La Sala resuelve la admisibilidad del recurso  de  casación  interpuesto  por  el defensor de Anselmo  Ospina  Marín contra la sentencia de segunda instancia  proferida  por el Tribunal Superior de Cali, el 29 de junio de 2010, mediante la  cual  confirmó  la  dictada  por  el Juzgado Veintiuno Penal del Circuito de la  misma  ciudad,  el  10  de  febrero  del  mismo  año; y lo condenó a las penas  principales  de 65 meses de prisión y multa de $313.949.382.00 y a la accesoria  de  interdicción  de derechos y  funciones públicas por el mismo lapso de  la  privativa  de la libertad, como autor del delito de enriquecimiento ilícito  de particulares.   

HECHOS  

El   juzgador  de  segunda  instancia  los  sintetizó de la siguiente manera:   

“….La  génesis  del presente proceso lo  fueron  las  copias  expedidas  por  el  Fiscal  79  de  la Unidad de Patrimonio  Económico,  dispuestas  dentro de la investigación que ese despacho llevaba en  contra  de  los  señores  Miguel  Antonio Vélez y Anselmo Ospina Marín por el  delito  de  estafa,  a  fin  de  que  se investigara el origen de altas sumas de  dinero  que  en CDAT’s posee  el  señor  ANSELMO  OSPINA  MARÍN y así establecer si se incurrió o no en el  delito de enriquecimiento ilícito”.   

ANTECEDENTES  

1.  Por  los anteriores hechos, la Fiscalía  Veintiuno  Seccional  de  la  Unidad  Nacional Anticorrupción, el 16 de mayo de  2005,  acusó a Anselmo Ospina Marín por la conducta punible de enriquecimiento  ilícito  de  particulares,  decisión que al ser recurrida fue confirmada el 30  de marzo de 2006.   
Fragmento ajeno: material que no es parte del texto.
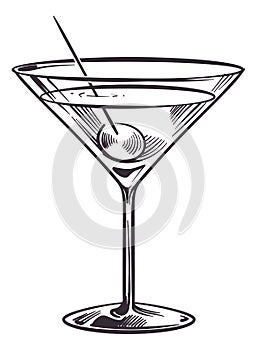 Martini cocktail glass with olive. Hand drawn engraving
2. La etapa del juicio la tramitó el Juzgado  Veintiuno  Penal  del  Circuito  de  Cali  que,  el 10  de febrero de 2010,  condenó  a   Anselmo  Ospina Marín a las penas principales de 65 meses de  prisión  y  multa  de  $313.949.382.00  y  a  la  accesoria de interdicción de  derechos  y  funciones  públicas  por  el  mismo  lapso  de  la privativa de la  libertad,  como  autor  del  delito de enriquecimiento ilícito de particulares.   

3. Apelado el fallo por la defensa técnica,  el Tribunal Superior de Cali, el 29 de junio de 2010, lo confirmó.   

Contra la anterior decisión, el defensor del  procesado interpuso recurso de casación.   

LA    DEMANDA  DE    CASACIÓN   

El defensor basado en las causales primera y  tercera  de  casación  postula  tres  cargos  contra  la  sentencia  de segunda  instancia, cuyos argumentos se sintetizan, así:   

Primer cargo  

Acusa al Tribunal de haber violado, de manera  directa,  la  ley  sustancial  por  aplicación  indebida  del artículo 232 del  Código  de  Procedimiento  Penal  y exclusión evidente del artículo 7° de la  misma obra.   

A  continuación  procede  a  transcribir un  fragmento  del fallo de primera instancia referente a las actividades delictivas  a   que   se   refiere   el   tipo   penal   de   enriquecimiento   ilícito  de  particulares.   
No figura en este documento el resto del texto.